Last year, Wake County received $871,000 in SCAAP funding, up from $642,000 in 2009 and $419,000 in 2008, according to county documents. That money goes into the sheriff's office detention budget, but it is not earmarked for specific purposes, according to Phyllis Stevens, Wake County Sheriff's Office public information officer.
The Bureau of Justice Assistance gives law enforcement a lot of leeway in spending SCAAP funds, including salaries and overtime for corrections officers; consultants; workforce recruitment; training and retention; jail construction; and training and education for offenders.
There is no federal audit of how these funds are used; the Bureau of Justice Assistance did not return calls seeking comment.
SCAAP funds are not awarded to local law enforcement agencies until an undocumented immigrant has been incarcerated for four days. But that leaves a funding gap to pay for housing undocumented immigrants who are in jail for less time. Short stays aren't uncommon: Immigrations and Customs Enforcement officials have up to 48 hours to pick up an undocumented immigrant from a local jail.
It costs, on average, $70 per day to house one inmate in Wake County Jail.
Wake County Sheriff Donnie Harrison says that losing an estimated $600,000 in SCAAP would be in addition to more than a half-million dollars in state reductions in the Department of Correction's budget that could also affect Wake County.
In 2009, Wake County Jail held 123 ICE-eligible immigrants for a total of 8,070 days. The previous year, 62 ICE-eligible immigrants were jailed for a total of 3,605 days.
Harrison says even with the cuts, he is willing to absorb the costs of implementing 287(g), which provides some SCAAP money, and Secure Communities, which is only locally funded.
"I'm willing to take that cost if it's somebody's that's not supposed to be here," he said.
All 100 counties in North Carolina are required by the federal government to enroll in Secure Communities—even though it doesn't fund the program. In effect, counties are not being reimbursed for jailing undocumented immigrants for fewer than four days.
Secure Communities allows local law enforcement to determine the immigration status of people who have been arrested—even for minor violations and even if they are later found not guilty of a crime. The program has serious consequences for law enforcement and crime reporting. Many undocumented immigrants are reluctant to report crimes—either as victims or witnesses—because they are afraid of being deported if they contact the police.
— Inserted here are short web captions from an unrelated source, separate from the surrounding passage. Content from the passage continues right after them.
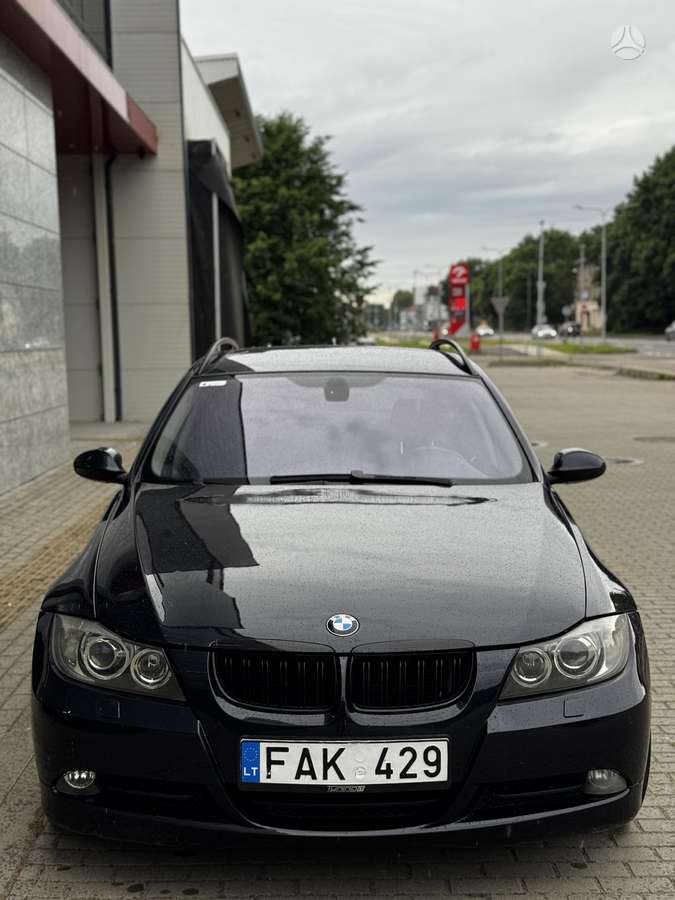BMW 320, 2.0 l., Универсал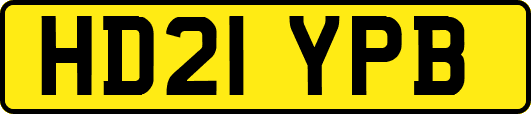 HD21YPB
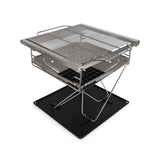 Sunny Hiker - Foldbar Grill fra Sunny Hiker - billede nr. 2 hos GrejFreak.dk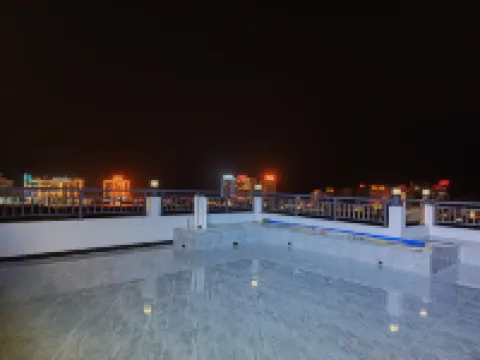 新豐拾光温泉民宿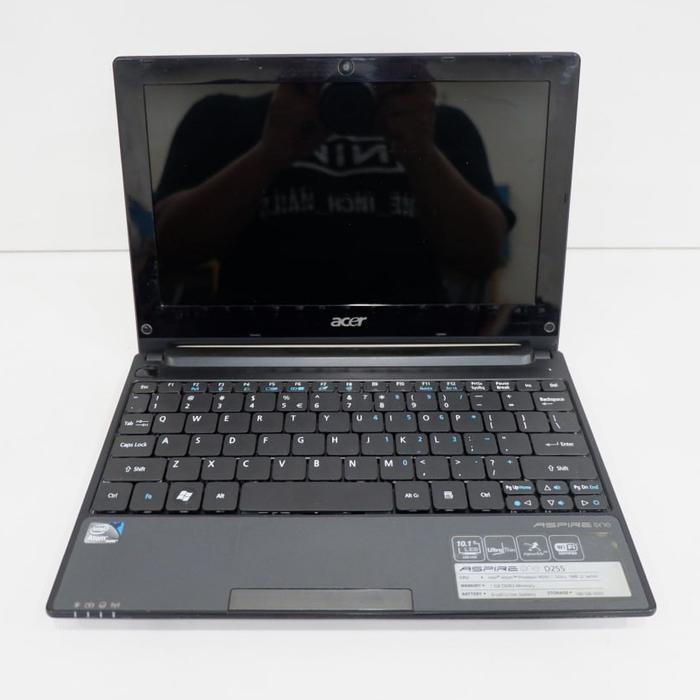 Acer Aspire One D255 Intel Atom N550 Ram 2gb Ssd128gb Scu14544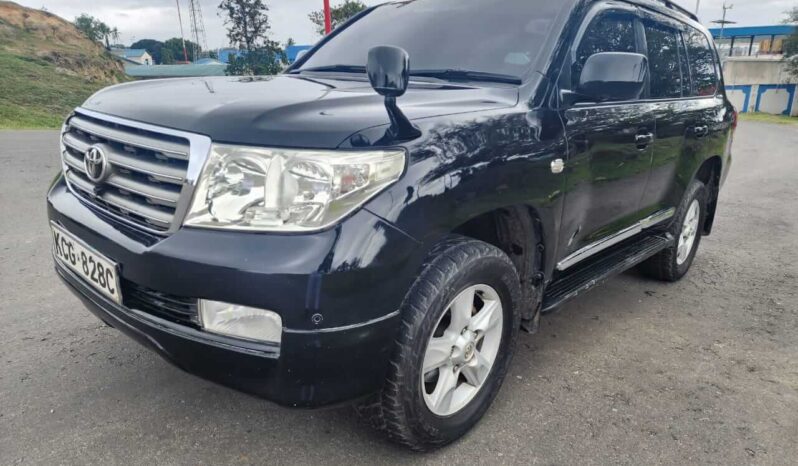 
								Toyota Land Cruiser V8 AXG 2008 – For Sale in Kenya full									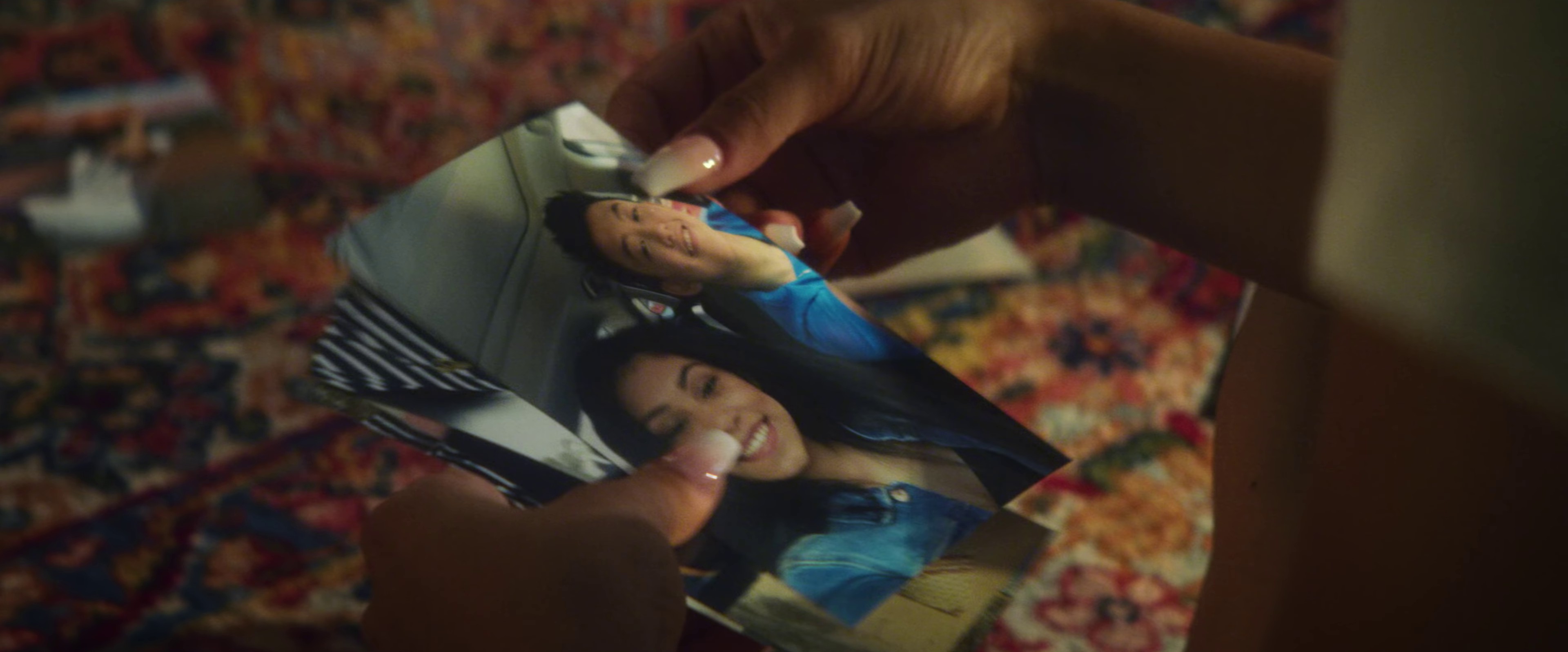 History (2018) —  shot,  lighting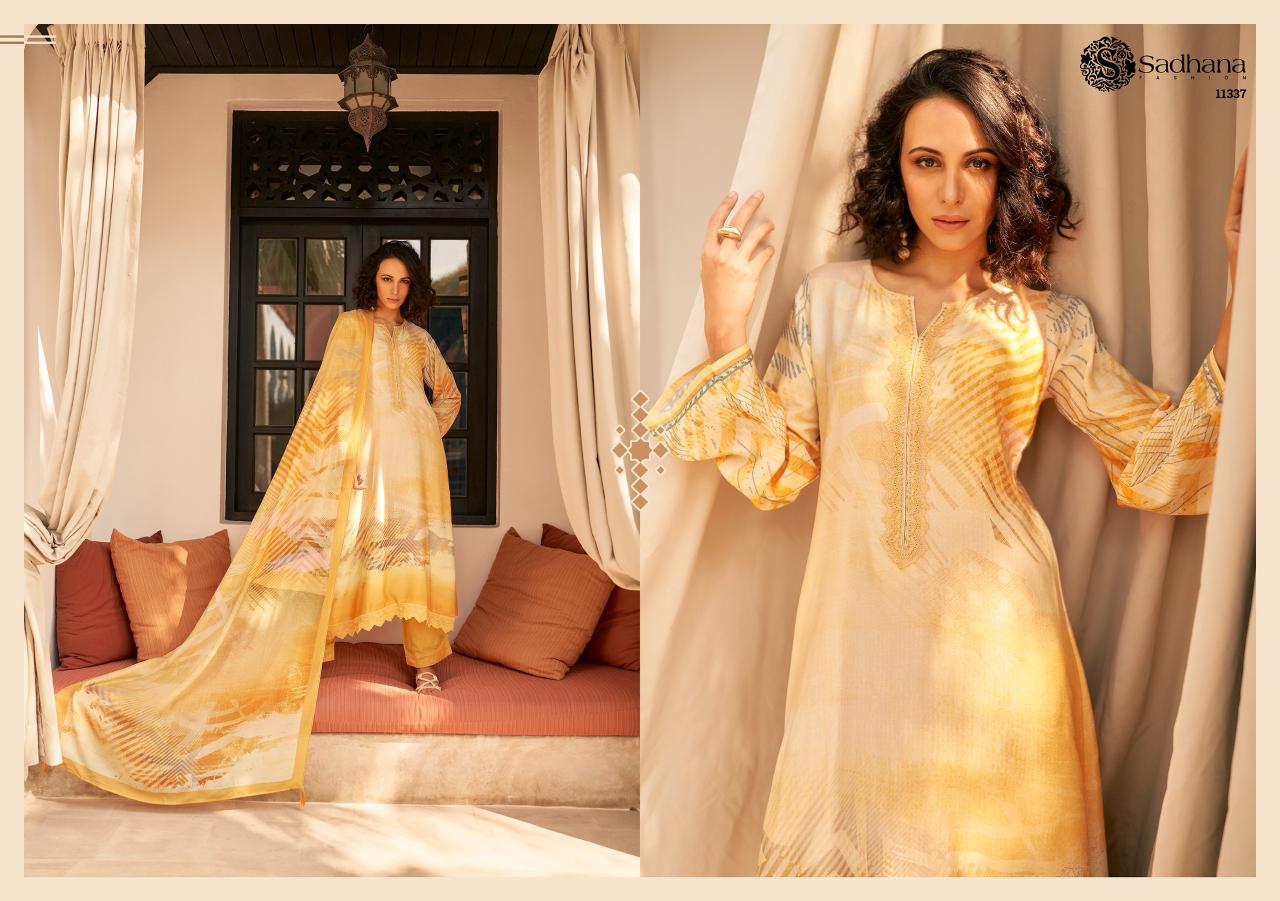 Sadhana Fashion Mariam Catalog wholesales salwar kameez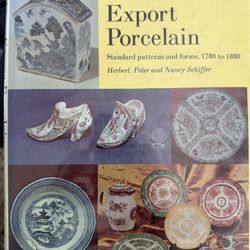 Great Book for Chinese Porcelain Illustration 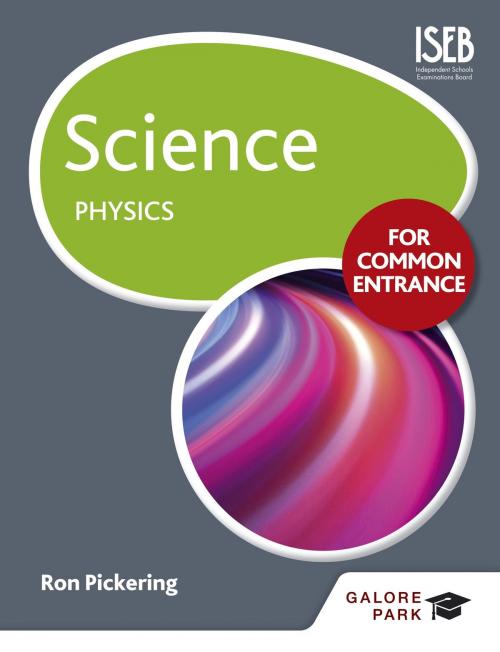 Cover of the book Science for Common Entrance: Physics by Ron Pickering, Hodder Education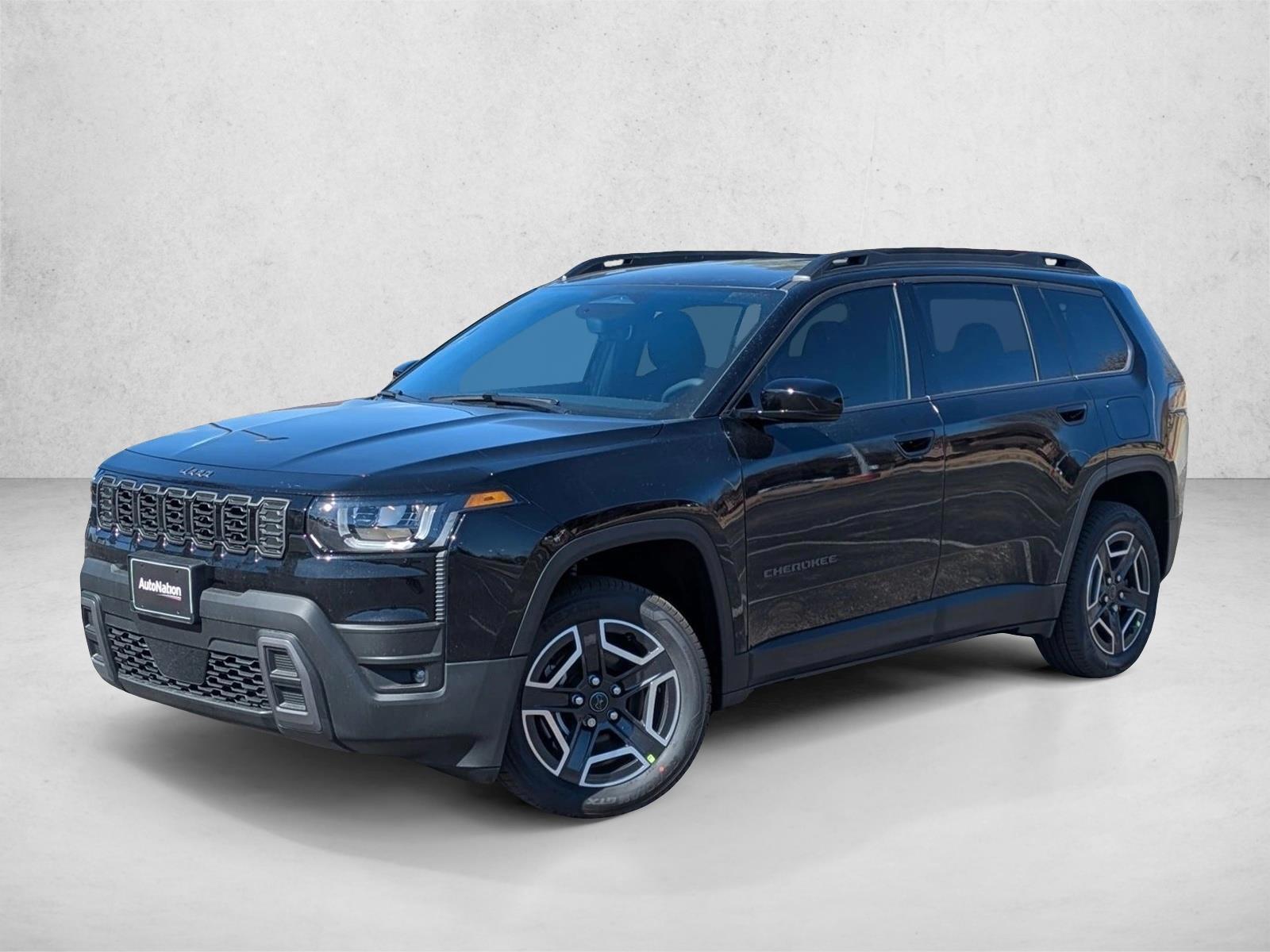 Thumbnail: 2026 Jeep Cherokee - 1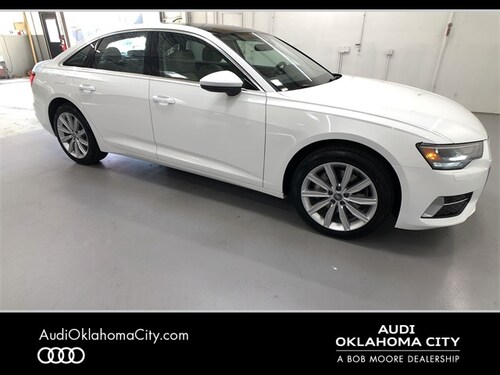 2019 Audi A6 Sedan 2019 Audi A6 Sedan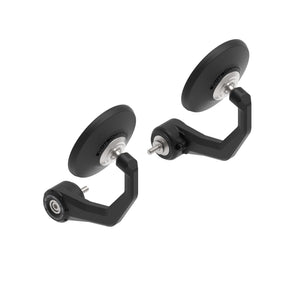Evotech Bar End Mirrors (Retro) - KTM 390 Duke (2024+)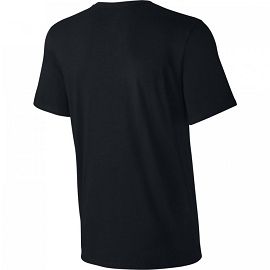 Футболка Nike Mens Sb Logo T-shirt821946-013 - фото 2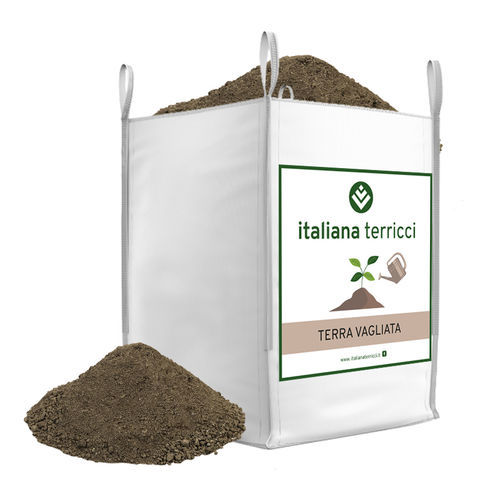 Sustrato mantillo - Sifted - Italiana Terricci - en saco / a granel / fino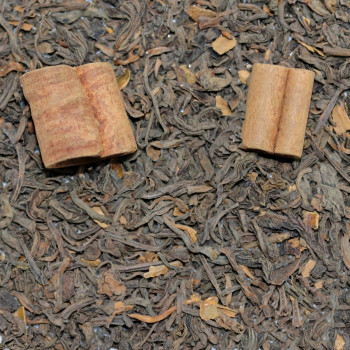 My Sweet Tea - Thé Noir - Cannellement Vôtre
"So here's the SCAAP program that compensates counties for the expense they incur in detaining folks who lack proper legal status who have committed serious offenses, and is a program that seems to be working, and that funding is being cut," said Marty Rosenbluth, an attorney and executive director of the N.C. Immigrant Rights Project. "Yet the federal government is pumping millions of dollars more into Secure Communities, although it is not working as intended, and further is an unfunded mandate as far as counties are concerned because they are not reimbursed for holding people for 48 hours. It doesn't make sense."